Supported Languages¶

rapid_textrank includes built-in stopword lists for 18 languages. These are used for stopword filtering in all APIs: the convenience function, extractor classes, the JSON interface, and the spaCy component.

Language Codes¶

Code	Language	Code	Language	Code	Language
`en`	English	`de`	German	`fr`	French
`es`	Spanish	`it`	Italian	`pt`	Portuguese
`nl`	Dutch	`ru`	Russian	`sv`	Swedish
`no`	Norwegian	`da`	Danish	`fi`	Finnish
`hu`	Hungarian	`tr`	Turkish	`pl`	Polish
`ar`	Arabic	`zh`	Chinese	`ja`	Japanese

Usage¶

Pass the language code to the language parameter in any API:

from rapid_textrank import extract_keywords

# English (default)
phrases = extract_keywords(text, language="en")

# German
phrases = extract_keywords(german_text, language="de")

# Chinese
phrases = extract_keywords(chinese_text, language="zh")

With extractor classes:

from rapid_textrank import BaseTextRank

extractor = BaseTextRank(top_n=10, language="fr")
result = extractor.extract_keywords(french_text)

With TextRankConfig:

from rapid_textrank import TextRankConfig, BaseTextRank

config = TextRankConfig(language="ja")
extractor = BaseTextRank(config=config)

In the JSON interface:

{
    "tokens": [ ... ],
    "config": {
        "language": "es"
    }
}

Inspecting Stopwords¶

You can retrieve the built-in stopword list for any supported language:

import rapid_textrank as rt

stopwords = rt.get_stopwords("en")
print(f"English stopwords: {len(stopwords)} words")
print(stopwords[:10])

stopwords_de = rt.get_stopwords("de")
print(f"German stopwords: {len(stopwords_de)} words")

Extending Stopwords¶

The built-in lists can be extended with domain-specific terms using the stopwords parameter.
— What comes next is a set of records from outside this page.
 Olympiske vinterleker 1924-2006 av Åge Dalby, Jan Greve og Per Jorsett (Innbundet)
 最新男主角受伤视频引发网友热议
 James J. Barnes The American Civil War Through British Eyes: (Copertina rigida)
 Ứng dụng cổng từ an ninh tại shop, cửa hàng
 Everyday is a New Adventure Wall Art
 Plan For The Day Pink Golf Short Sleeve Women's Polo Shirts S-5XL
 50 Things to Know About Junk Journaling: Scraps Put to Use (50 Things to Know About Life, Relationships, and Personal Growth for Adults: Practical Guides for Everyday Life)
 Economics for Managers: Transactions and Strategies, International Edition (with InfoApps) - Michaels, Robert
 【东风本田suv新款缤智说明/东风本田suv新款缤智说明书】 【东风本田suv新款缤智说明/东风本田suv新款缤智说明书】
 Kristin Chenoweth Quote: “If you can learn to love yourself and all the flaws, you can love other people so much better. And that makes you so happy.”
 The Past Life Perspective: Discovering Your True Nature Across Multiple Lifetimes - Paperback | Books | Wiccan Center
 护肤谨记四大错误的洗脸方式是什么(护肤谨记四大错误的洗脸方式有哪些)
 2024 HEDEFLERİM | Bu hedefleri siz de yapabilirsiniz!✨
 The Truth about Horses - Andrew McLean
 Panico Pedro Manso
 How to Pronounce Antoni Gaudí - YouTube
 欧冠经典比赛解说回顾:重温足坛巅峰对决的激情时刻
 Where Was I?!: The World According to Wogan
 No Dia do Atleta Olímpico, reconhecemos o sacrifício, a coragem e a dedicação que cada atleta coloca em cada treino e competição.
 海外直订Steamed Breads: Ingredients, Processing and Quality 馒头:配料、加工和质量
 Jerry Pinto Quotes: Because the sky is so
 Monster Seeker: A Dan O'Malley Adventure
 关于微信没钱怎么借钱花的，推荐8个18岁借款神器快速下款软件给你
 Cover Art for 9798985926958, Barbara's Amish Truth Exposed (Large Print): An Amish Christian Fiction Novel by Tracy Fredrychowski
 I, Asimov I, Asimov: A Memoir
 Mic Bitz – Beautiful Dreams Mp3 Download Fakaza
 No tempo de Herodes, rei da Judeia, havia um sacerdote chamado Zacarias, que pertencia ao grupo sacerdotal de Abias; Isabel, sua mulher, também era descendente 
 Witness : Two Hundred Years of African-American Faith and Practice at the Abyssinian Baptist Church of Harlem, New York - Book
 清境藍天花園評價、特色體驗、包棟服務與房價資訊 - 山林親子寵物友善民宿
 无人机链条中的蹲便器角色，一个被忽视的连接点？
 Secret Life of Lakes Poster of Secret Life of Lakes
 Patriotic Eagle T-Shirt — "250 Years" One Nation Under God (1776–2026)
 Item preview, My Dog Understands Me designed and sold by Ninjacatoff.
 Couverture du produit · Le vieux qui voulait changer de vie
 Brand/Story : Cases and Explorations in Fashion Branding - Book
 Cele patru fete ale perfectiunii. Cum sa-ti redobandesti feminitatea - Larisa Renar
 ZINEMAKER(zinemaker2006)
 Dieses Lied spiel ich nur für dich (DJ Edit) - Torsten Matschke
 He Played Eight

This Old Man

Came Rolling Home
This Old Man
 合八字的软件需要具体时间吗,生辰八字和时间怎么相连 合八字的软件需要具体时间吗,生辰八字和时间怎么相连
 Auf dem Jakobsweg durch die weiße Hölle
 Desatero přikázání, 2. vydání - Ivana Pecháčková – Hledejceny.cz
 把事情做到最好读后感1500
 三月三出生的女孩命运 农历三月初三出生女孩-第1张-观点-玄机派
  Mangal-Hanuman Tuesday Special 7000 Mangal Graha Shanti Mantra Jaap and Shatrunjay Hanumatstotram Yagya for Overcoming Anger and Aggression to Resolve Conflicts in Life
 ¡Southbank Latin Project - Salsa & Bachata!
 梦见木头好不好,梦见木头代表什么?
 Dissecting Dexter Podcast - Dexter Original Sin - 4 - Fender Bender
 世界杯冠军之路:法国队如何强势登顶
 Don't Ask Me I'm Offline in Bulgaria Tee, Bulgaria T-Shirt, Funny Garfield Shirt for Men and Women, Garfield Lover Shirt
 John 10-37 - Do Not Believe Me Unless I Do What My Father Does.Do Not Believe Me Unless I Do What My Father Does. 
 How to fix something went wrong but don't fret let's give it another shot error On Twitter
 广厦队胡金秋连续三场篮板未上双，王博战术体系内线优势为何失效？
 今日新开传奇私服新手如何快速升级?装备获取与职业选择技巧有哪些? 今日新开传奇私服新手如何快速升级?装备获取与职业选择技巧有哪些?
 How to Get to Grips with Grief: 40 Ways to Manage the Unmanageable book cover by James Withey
These additional words are merged with the built-in list, not used as a replacement.

from rapid_textrank import TextRankConfig, BaseTextRank

config = TextRankConfig(
    language="en",
    stopwords=["data", "system", "model"],  # added to built-in English stopwords
)

extractor = BaseTextRank(config=config)

In the JSON interface, the same applies via config.stopwords:

{
    "tokens": [ ... ],
    "config": {
        "language": "en",
        "stopwords": ["data", "system", "model"]
    }
}